_Data block_

══════════

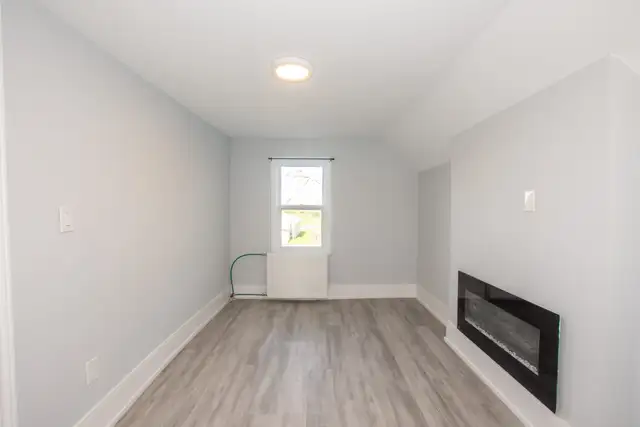 20 Patsy Ave, Welland - All Inclusive 2 Bedroom Upper Unit - Photo 7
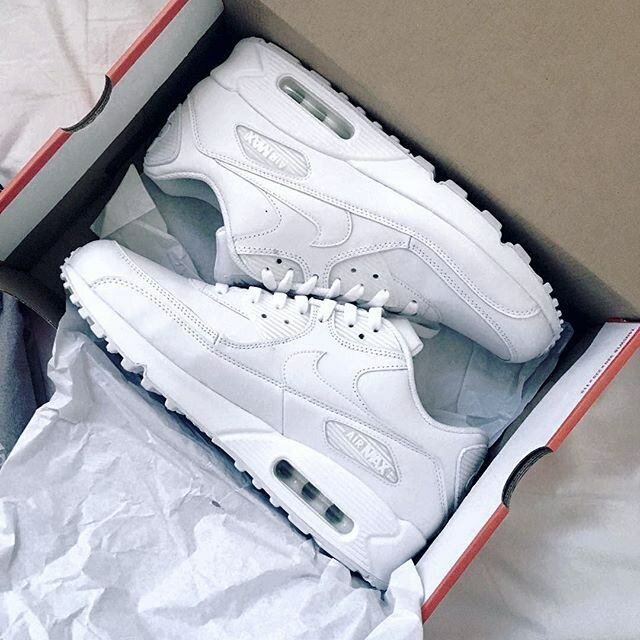 NIKE AIRMAX 90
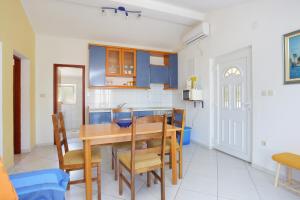 Apartments by the sea Arbanija, Ciovo - 4320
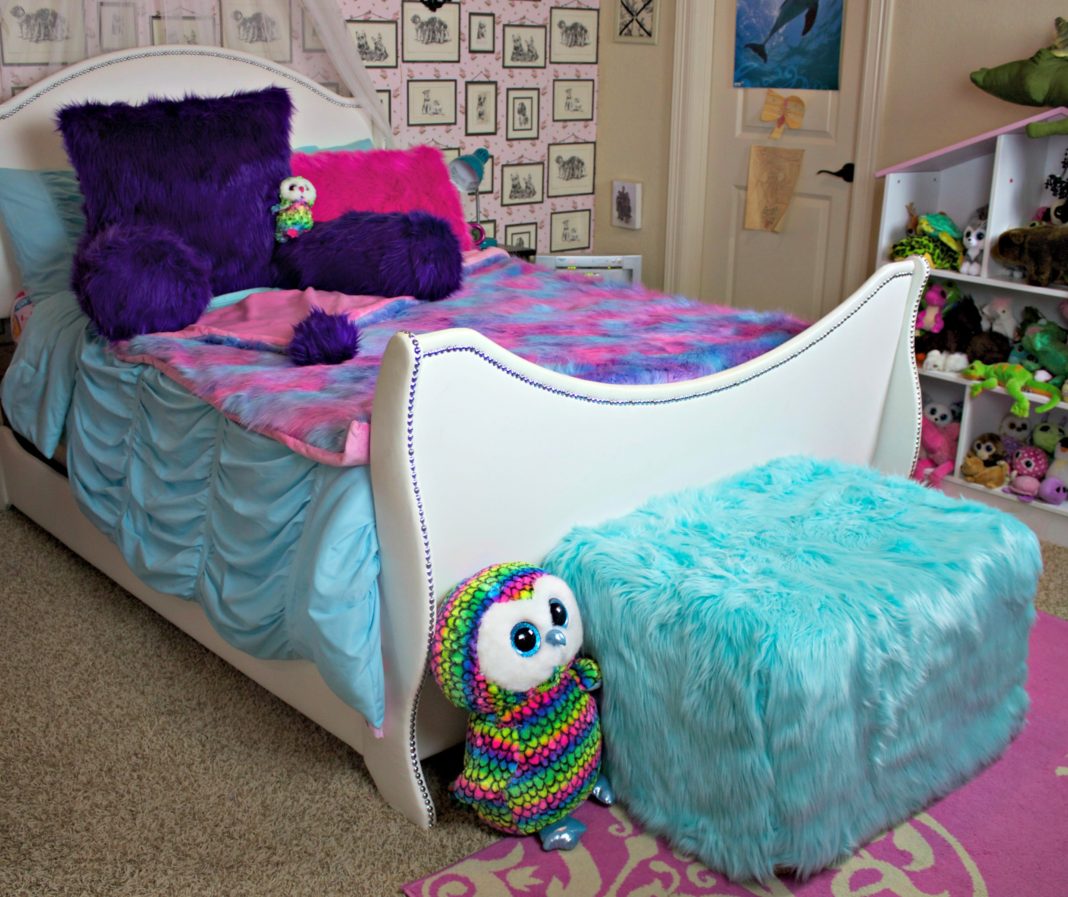 Ottoman Slipcover DIY: Tween/Teen or Dorm Decor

══════════

_What needs to be done_
Set down the material once more, exactly, with the pictures omitted.

_Solution_
 20 Patsy Ave, Welland - All Inclusive 2 Bedroom Upper Unit - Photo 7
 NIKE AIRMAX 90
 Apartments by the sea Arbanija, Ciovo - 4320
 Ottoman Slipcover DIY: Tween/Teen or Dorm Decor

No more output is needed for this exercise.